The Prestige looks as if it is going to be about a mysterious sect, whose founder, while securely incarcerated in California, has managed to make an appearance at a country house in Derbyshire. No sooner is that clear than, hey presto, it is actually about someone else: Alfred Borden, who, late last century, used to demonstrate the same ability nightly at 25 guineas a time. Andrew Westley, a reluctant journalist sent to investigate the translocating priest, learns instead that he is Alfred Borden's great- grandson, and that a portion of the misery of his life is inherited from the old man, and likewise from Rupert Angier, Borden's rival and arch- enemy, whose great-granddaughter now owns the house.

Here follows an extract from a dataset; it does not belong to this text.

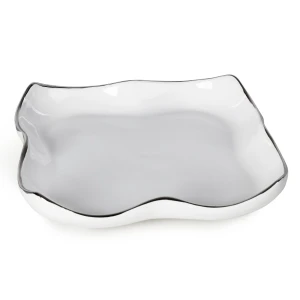 Patera dekoracyjna ceramiczna TONY biała 25 × 25 × 6 cm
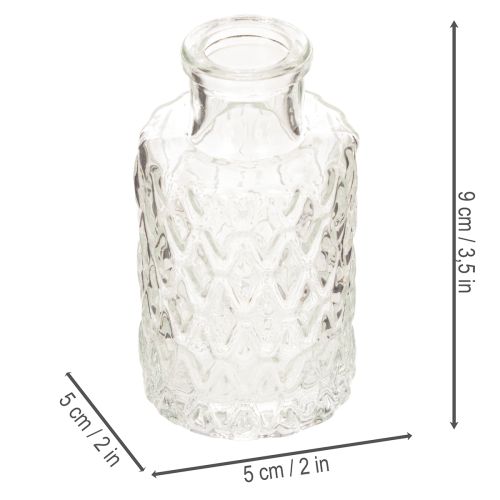 Set de 6 mini vases en verre transparent avec motif losanges 9 cm | Floristik24.fr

The narrative is a compilation of autobiographical documents from the principals in both centuries; the theme is duplication: replicas, impostors, adulterers. It is about self-deception and being in two minds. Even the feuding pair, as each later privately acknowledges, "might have made better collaborators than adversaries." Borden is the one who started it. Righteously disrupting a bogus but benevolent seance staged by the temporarily impoverished Angier, he accidentally injured the pregnant Mrs Angier. Ever after, Angier has dogged his career, spoiling his tricks.
Priest's plot employs two entirely separate supernatural devices, which perhaps is a shame, because it tends to suggest a universe of caprice and permeability that is the opposite of the locked, fatalistic cosmos he really wants to describe. All the same, the point is well made that Borden, the carpenter's son, has a natural talent which Angier, the aristocrat, can only imitate by artifice. Borden's most celebrated illusion, the trick that takes him to the top of the thaumaturgical tree, is one he calls the New Transported Man. Shutting himself in one cabinet, he immediately steps out of another 20 feet away, while the first collapses, empty. For his own version, Angier must commission a vast piece of machinery utilising the spectacular new power of electricity, and built by Nikola Tesla, who makes a bizarre guest appearance as a mad scientist in his lab perched above Colorado Springs.
As he has already demonstrated in The Space Machine, his affectionate if cumbersome attempt to unite HG Wells's The Time Machine and The War of the Worlds in a single sequel, the 19th century suits Priest rather well. His repressed, often gloomy, style goes with the furniture (though it is hard to imagine a Victorian writing "two factors were pivotal" or calling something a "fire risk"). He contrives moments of the purest Gothic, as when Angier pursues his doppelganger through the Pavilion Theatre, Lowestoft, or when the closed door of Borden's dressing room is penetrated by a haggard spectre clutching a knife. With its echo of Mary Shelley's Frankenstein, the final scene is magnificent, utterly alarming and genuinely moving. Only afterwards do you realise it has been foretold, literally (twice, of course).
Priest's mesmeric power is formidable. He is compelling in the way Ruth Rendell is, say, or more exactly Barbara Vine. His characters are eminently dislikeable, yet perfectly recognisable and deeply intelligible. He makes you gallop through the book simply to find out what possesses them, and what they will prove capable of. Even so, he requires you to remain alert, and rewards re-reading. "I have omitted the significant information," confesses Borden in his memoir, and though he is the least stylistically flashy of authors, concealment and misdirection are Priest's methods too.